Migrating or syncing data between PostgreSQL databases is a common task for developers. Whether consolidating user data, archiving old records, or migrating production data to a reporting database, having a reliable and simple method can save hours of headaches.

PostgreSQL’s dblink extension makes this process straightforward, allowing you to query one database from another as if the two were connected tables.

Before using dblink, you need to make sure the extension is created in your target database:

CREATE EXTENSION IF NOT EXISTS dblink;

This only needs to be done once per database. After that, you can safely use dblink to query other PostgreSQL databases.

Example Scenario

Imagine you have:

Source database: user_data_archive
Target database: user_data_main
Target table: users

The users table has unique constraints on:

username
email

The goal is to copy users from the archive to the main database without violating these constraints.

Using dblink to Move Data

Here’s a simple example:

INSERT INTO users (username, email, created_at, updated_at)
SELECT DISTINCT
    username,
    lower(email) AS email,
    NOW() AS created_at,
    NOW() AS updated_at
FROM dblink(
    'dbname=user_data_archive user=app_user password=securepass',
    'SELECT username, email FROM archived_users'
) AS t(username text, email text)
ON CONFLICT DO NOTHING;

How This Works:

dblink allows the target database (user_data_main) to query the source (user_data_archive) directly.

DISTINCT removes duplicate rows from the incoming data.

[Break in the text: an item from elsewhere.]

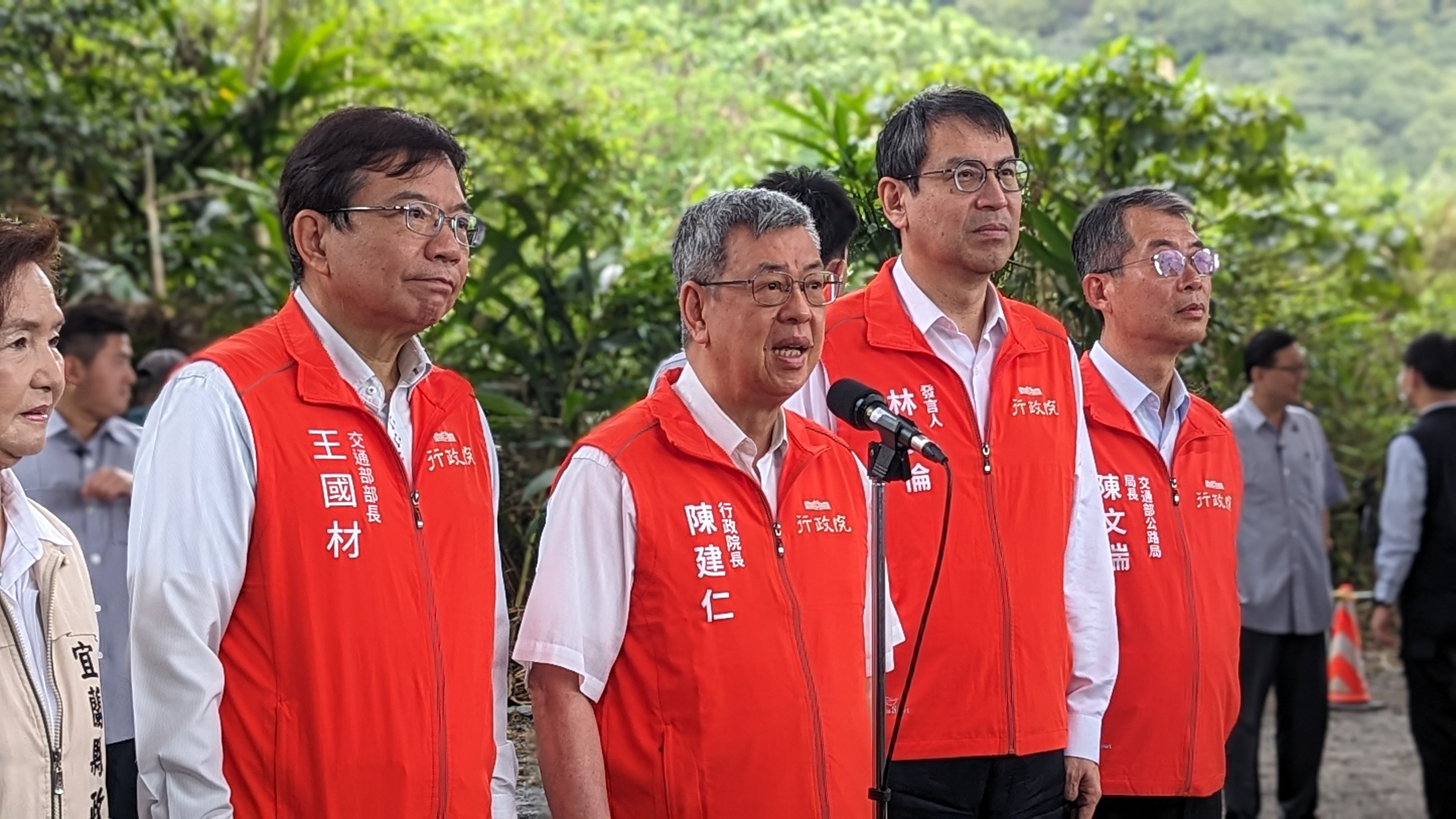 行政院长陈建仁（右三）今天受访表示，台湾位于地震带上，地震灾害大家都非常有感，核电厂是否要延役还要好好考虑，目前仍朝著除役的方向走。记者陈敬丰／摄影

ON CONFLICT DO NOTHING ensures that unique constraints on the target table (like unique usernames or emails) do not cause the query to fail.

This keeps the insert process safe while letting you move large amounts of data efficiently.

Why Use This Approach?

Simple setup: No need to dump and restore SQL files manually.
Flexible: You can filter, transform, or normalize data as part of the select.
Reliable: Works even when the source and target databases live on the same server or different servers.

Practical Use Cases:

Migrating users, products, or content from a legacy database to a new system.
Populating a reporting or analytics database from production tables.
Syncing staging and production data safely during testing.

dblink is a powerful tool for querying one PostgreSQL database from another.

Combining DISTINCT and ON CONFLICT DO NOTHING allows you to safely insert data without worrying about violating unique constraints.

This approach keeps your workflow clean, efficient, and maintainable, especially for large tables or ongoing migrations.